A counterfactual, denoted as $X_{\text{cf}}$ , is a sample which has the most similar semantic or syntactic structure with the original sample $X_{\text{ori}}$ but has a different label. Recall that we cannot change the entities during the interventions for samples in RC tasks, hence we propose our entity-centric framework to generate counterfactuals by first identifying and then intervening on contextual casual features for entities via topological based analysis in SynDG and SemDG. The identification of causal features consists of two main steps.

•

To identify the syntactic casual composition around the entity, we conduct the centrality analysis for entities in two samples since centrality measures how importance a node is in the graph.
•

To identify the semantic casual composition between two entities, we employ the shortest dependency path (SDP) between them since SDP retains the most relevant information while eliminating irrelevant words (noises) in the sentence (Xu et al., 2015).

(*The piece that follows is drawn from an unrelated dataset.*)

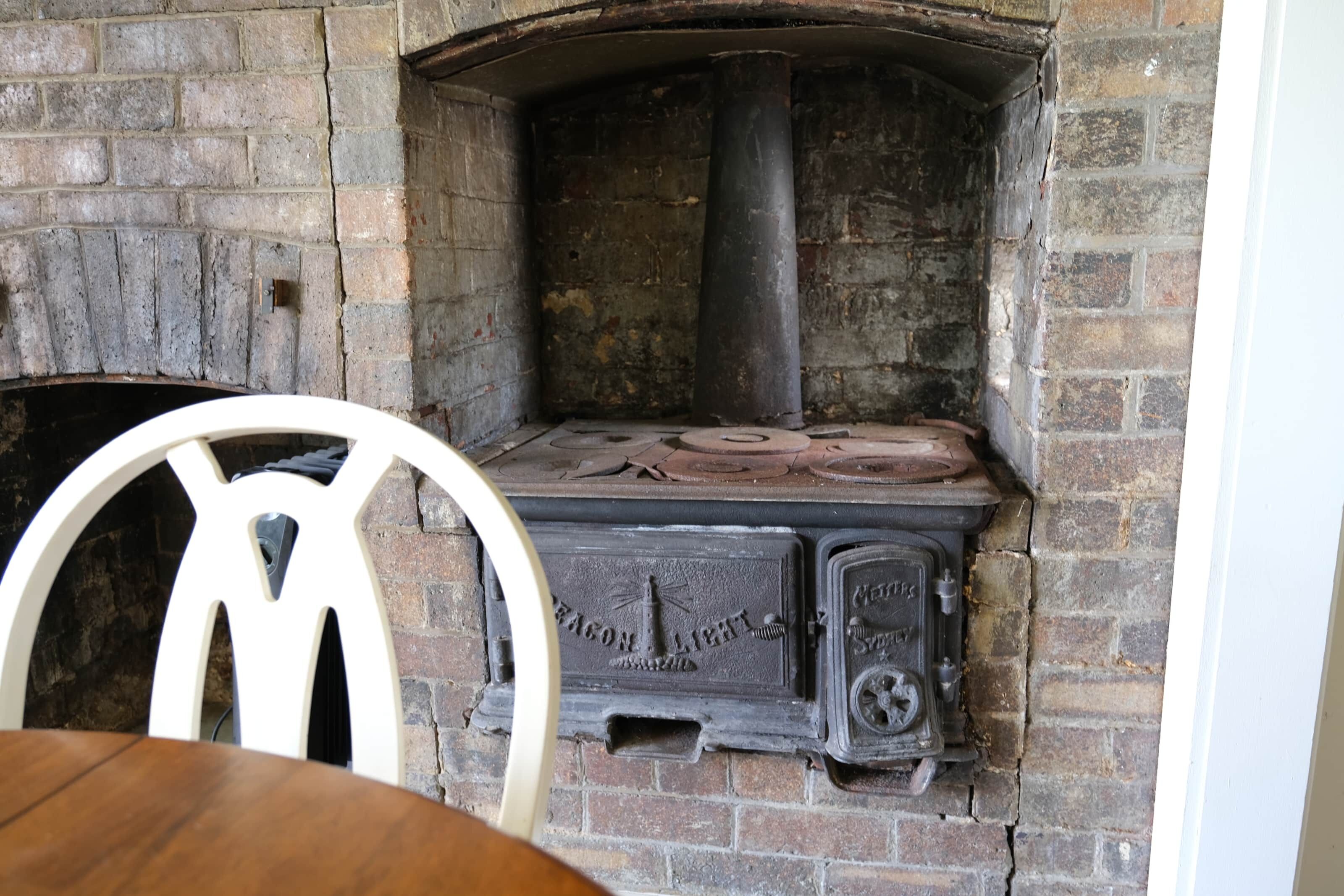 Una chimenea de ladrillo con una silla blanca delante.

4.1 Generating Syntactic Counterfactuals

Since a counterfactual should flip the label of the original sample $X_{\text{ori}}$ , the candidate substitute $X_{\text{can}}$ which will be used for identifying causal features is randomly chosen from the training samples with different class labels ¹¹1In our implementation, we randomly select three candidate substitutes for the original sample. If none of generated candidates meets the requirements, they will all be discarded. If there are multiple candidates qualified as counterfactuals, one of them is chosen at random.. Moreover, since entities are of the most importance in RC tasks, the entities in the substitute should be most similar with those in $X_{\text{ori}}$ . In view of this, we first identify the syntactically similar entity nodes in SynDG using the centrality metric, which is proposed to account for the importance of nodes in a graph (network). We employ three types of centralities including betweenness centrality (BC), closeness centrality (CC), and degree centrality (DC) for this purpose. After that, we generate the contextual counterfactual for these syntactically similar entities to meet the condition of invariant entities, i.e., instead of changing entities, we intervene on their contexts. We term this proposed method SynCo as the substitution of casual features is based on the syntactic graph SynDG.

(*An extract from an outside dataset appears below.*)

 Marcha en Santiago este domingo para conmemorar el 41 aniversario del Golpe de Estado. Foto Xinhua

We take two samples for illustration: an original sample $X_{\text{ori}}$ “They drank wine produced by wineries.” with “Product-Producer” relation, and a candidate sample $X_{\text{can}}$ “They bought the grapes from farms” with “Entity-Origin”. Their SynDGs and the intervention procedure are shown in Figure 2. The main procedure for SynCo is summarized below.

1. We first calculate the average score for three centrality metrics of the entity and denote it as avgC(entity), e.g., avgC(wine_o) and avgC(grapes_c) is 1.24 and 1.17.

2. We then calculate the topological distance (TD) of two entities by minusing their avgC values. If TD is smaller than a predefined topological distance threshold (TDT), they form a candidate entity pair for substitute structures. For example, given TD(avgC(wine_o), avgC(grapes_c)) = 0.07 $<$ TDT and TD(avgC(wine_o), avgC(farms_c)) = 0.68 $>$ TDT, the entity ‘grapes’ in $X_{\text{can}}$ and the entity ‘wine’ in $X_{\text{ori}}$ form a candidate entity pair.

3. We now generate the candidate syntactic counterfactual. We calculate the cosine similarity of the syntactic features (POS and dependency relation embedding) for entities in the candidate entity pair. We denote it as FS. If it is greater than a predefined feature similarity threshold (FST), we substitute the first-order neighbors around the entity in $X_{\text{ori}}$ with those of the candidate entity in $X_{\text{can}}$ . These neighbors should have the same type of POS tags to ensure the correctness of the syntax. Moreover, if there are several words around entities and they all have the same type, we will replace the one with the smallest TD. For example, given FS(wine_o, grapes_c) = 0.877 $>$ FST, we can substitute the verb-type neighbors ‘drank_o’ and ‘produced_o’ of ‘wine’ with the same type neighbor ‘bought_c’ of ‘grapes’. Moreover, since TD(avgC(drank_o), avgC(bought_c)) = 0.57 and TD(avgC(produced_o), avgC(bought_c)) = 0.50, we replace ‘produced_o’ with ‘bought_c’ and retain ‘drank_o’ unchanged.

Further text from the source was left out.